Иван Ильич примирительно сказал:
— Ну, все-таки… Вот вчера Цырулиева дала бутылку молока.
— Первый, кажется, случай. Да! Раз еще как-то фунт брынзы дали… На днях пьяный вломился к нам Тимофей Глухарь, орал: «Эксплуататоры! Я вам покажу! Если хоть одна жалоба на тебя будет от мужиков, засажу в подвал на две недели!» И вдруг потребовал, чтобы Иван Ильич записался в коммунисты. — «Отчего, — говорит, — не желаете? Значит, вы сочувствуете белогвардейцам»… Сам в новеньком пиджаке и брюках, — реквизировал у Галицкого, помнишь, у шоссе его дачка? Акцизный контролер из Курска.
Пришел инженер Заброда, бухгалтер деревенского кооператива, — длинный, с большим кадыком на чахоточной шее. Увидел Катю, нахмурился. Поколебавшись, неохотно подал ей руку и сейчас же отвернулся: он не прощал ей, что она пошла служить к большевикам.
Медленно курил он толстую крученку из плохого табаку и сиплым голосом своим рассказывал: кооператив закрыт, весь товар взят на учет и вот уже месяц лежит без движения. Деревня без мануфактуры, без обуви, без керосина и спичек. И никакие представления не помогают. Один ответ: ждать распоряжений! Им хорошо, у самих всего в избытке. Спешить некуда!
Водянисто-голубые глаза его светились суровою ненавистью.
— Я не могу понять, — что это? Уверенность ли в безграничном терпении русского народа, или выражение полного отчаяния от сознания своего банкротства?
Катя возразила:
— Не знаю. Что-то неуловимое, мне непонятное, — но другое что-то, что дает им силу. Страшную, неодолимую силу. А помимо их — либо махновщина, в основе еще более ужасная, либо деникинщина, возвращение к старому.
— А теперь уже не воротились к старому?

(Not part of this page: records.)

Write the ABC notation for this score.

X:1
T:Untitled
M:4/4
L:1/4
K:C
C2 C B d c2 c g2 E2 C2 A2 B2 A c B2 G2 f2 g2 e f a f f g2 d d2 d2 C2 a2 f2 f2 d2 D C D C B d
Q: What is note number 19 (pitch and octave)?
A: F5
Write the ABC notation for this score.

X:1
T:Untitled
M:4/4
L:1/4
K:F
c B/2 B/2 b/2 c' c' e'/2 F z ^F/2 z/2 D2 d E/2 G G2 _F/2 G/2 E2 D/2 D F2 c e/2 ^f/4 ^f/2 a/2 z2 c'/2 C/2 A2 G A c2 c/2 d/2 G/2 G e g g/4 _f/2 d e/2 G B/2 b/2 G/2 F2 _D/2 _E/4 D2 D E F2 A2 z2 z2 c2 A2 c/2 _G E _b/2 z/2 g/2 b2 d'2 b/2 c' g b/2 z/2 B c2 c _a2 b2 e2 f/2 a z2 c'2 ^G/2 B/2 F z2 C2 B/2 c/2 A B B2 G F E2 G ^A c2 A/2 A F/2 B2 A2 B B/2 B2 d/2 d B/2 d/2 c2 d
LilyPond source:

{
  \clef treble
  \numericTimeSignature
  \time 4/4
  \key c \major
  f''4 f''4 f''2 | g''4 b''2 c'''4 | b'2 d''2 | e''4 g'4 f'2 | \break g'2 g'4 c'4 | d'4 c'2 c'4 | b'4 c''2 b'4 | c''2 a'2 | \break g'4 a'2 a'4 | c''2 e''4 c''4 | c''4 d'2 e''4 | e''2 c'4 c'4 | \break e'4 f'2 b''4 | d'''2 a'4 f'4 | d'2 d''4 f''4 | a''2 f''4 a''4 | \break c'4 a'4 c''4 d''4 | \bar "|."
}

Все, как прежде, только в еще более российских формах. Для народа разницы нет, измываются ли над ним становые с урядниками, или комиссары с Гребенкиными… То же рабство, та же тупая реакция.
— Нет! Все-таки тут революция, самая настоящая. А не реакция.
Заброда пренебрежительно оглядел ее.
— Смертные казни, подавление самодеятельности, удушение печати… Вот так революция!
И отвернулся.
Жарким золотым светом смеется воздух, соленым простором дышит темно-синее море, зовущий аромат льется от белых акаций.
Дачка на шоссе. Муж и жена. И по-прежнему очумелые глаза, полные отчаяния. И по-прежнему бешеная, неумелая работа по хозяйству с зари до поздней ночи. У них отобрали лучшую одежду, наложили контрибуцию в три тысячи рублей. Уплатить было нечем, и пришлось продать корову. И, хотя уже не было коровы, с них требовали семь фунтов масляного продналога.
Он — с ввалившимися, неподвижными глазами. У нее, вместо золотистого ореола волос, — слежавшаяся собачья шерсть. И ненавидящие, злобные друг к другу лица.
— Екатерина Ивановна! Объясните вы ей, пожалуйста: ведь можно кормить маленьких цыплят пшенною крупою, не варя ее.
— По-моему, можно. Я просто крупою кормила.
— Вот видишь. И так погибаем от работы, а она: нет, это вредно для цыплят, нужно им варить кашу!